HEJ Run inefficiency - Githubissues

scarlehoff / pyHepGrid

Tool for distributed computing management geared towards HEP applications.

GNU General Public License v3.0

6 stars 4 forks source link

HEJ Run inefficiency #42

Open JBlack93 opened 4 years ago

JBlack93 commented 4 years ago

Currently the runcard set up for HEJ is very rigid.

dictCard = { # first: -r second: -j                                                                             
  # we use -r as the name and -j as the runcard                                                                 
    # 'Wp2j_mw_13TeV-all': 'config_all',                                                                        
    'Wp2j_HT2_13TeV-all':'config_all'
}

The nature of the runcard set up is such that in the example given above, the runname (Wp2j_HT2_13TeV-all) is mapped to the config config_all. This is fine, except that in HEJ we often want to run several different config files for the purposes of analysis and results presentation.
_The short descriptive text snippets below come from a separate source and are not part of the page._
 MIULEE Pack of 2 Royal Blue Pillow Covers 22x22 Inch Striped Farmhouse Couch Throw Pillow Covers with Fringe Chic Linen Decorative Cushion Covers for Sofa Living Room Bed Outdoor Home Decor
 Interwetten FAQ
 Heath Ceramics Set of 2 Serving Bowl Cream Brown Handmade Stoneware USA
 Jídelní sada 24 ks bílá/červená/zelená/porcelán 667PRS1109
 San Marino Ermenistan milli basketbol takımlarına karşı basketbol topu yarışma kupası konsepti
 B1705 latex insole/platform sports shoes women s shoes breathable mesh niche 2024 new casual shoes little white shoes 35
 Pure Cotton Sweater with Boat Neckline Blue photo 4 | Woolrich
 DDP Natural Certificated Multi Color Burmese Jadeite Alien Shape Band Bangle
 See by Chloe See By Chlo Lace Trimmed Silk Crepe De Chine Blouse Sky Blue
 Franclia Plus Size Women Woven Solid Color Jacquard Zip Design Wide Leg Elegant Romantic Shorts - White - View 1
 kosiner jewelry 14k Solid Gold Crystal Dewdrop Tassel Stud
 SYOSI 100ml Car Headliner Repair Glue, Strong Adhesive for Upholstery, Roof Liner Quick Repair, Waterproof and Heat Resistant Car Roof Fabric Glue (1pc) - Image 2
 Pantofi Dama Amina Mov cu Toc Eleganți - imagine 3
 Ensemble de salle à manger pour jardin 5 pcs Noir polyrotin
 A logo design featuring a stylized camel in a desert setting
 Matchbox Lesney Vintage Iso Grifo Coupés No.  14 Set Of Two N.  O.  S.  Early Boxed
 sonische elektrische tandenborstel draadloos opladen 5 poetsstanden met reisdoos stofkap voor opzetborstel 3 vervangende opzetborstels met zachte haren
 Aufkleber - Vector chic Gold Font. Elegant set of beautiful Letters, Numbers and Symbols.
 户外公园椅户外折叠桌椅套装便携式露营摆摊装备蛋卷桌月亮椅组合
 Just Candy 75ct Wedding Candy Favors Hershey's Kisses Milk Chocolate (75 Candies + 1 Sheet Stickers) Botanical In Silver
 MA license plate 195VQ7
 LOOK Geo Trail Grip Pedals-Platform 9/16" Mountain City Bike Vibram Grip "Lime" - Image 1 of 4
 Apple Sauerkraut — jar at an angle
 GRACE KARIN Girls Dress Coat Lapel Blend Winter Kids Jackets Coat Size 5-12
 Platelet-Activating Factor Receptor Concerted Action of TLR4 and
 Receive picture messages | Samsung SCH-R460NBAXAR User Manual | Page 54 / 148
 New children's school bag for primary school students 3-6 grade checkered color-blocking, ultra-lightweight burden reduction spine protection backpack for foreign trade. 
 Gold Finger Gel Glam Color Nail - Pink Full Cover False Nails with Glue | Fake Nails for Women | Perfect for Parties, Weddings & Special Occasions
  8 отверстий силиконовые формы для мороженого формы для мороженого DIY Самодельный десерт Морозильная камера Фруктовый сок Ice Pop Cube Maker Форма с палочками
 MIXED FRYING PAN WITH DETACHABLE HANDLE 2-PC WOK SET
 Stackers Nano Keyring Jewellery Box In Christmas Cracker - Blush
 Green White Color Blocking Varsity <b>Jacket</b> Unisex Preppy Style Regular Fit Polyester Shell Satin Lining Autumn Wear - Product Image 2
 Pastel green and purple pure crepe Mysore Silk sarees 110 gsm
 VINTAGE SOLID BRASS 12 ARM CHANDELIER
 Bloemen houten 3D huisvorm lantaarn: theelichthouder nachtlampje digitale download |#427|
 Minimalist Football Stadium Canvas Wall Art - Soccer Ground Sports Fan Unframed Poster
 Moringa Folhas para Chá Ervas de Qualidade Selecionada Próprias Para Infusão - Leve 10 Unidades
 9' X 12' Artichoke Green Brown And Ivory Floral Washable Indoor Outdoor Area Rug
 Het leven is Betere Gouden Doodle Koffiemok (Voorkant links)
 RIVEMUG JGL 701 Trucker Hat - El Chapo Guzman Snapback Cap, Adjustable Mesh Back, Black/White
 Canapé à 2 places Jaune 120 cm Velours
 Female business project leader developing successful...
Given that the Sherpa part of the job is a significant percentage of the runtime, this leads to a huge inefficiency in generating FO input for each job.

JBlack93 commented 4 years ago

Proposal for a solution:

Rather than starting from calculating FO each time, running each config on top of it Ie:1 job would look like :

Sherpa -> HEJ config_all -> HEJ config_FKL -> HEJ config_subleading -> HEJ config_Matching

Rather than:4 Jobs with much redundancy:

Sherpa -> HEJ config_all Sherpa -> HEJ config_FKL Sherpa -> HEJ config_subleading Sherpa -> HEJ config_Matching

This could be achieved by pattern matching the config_* .yml files.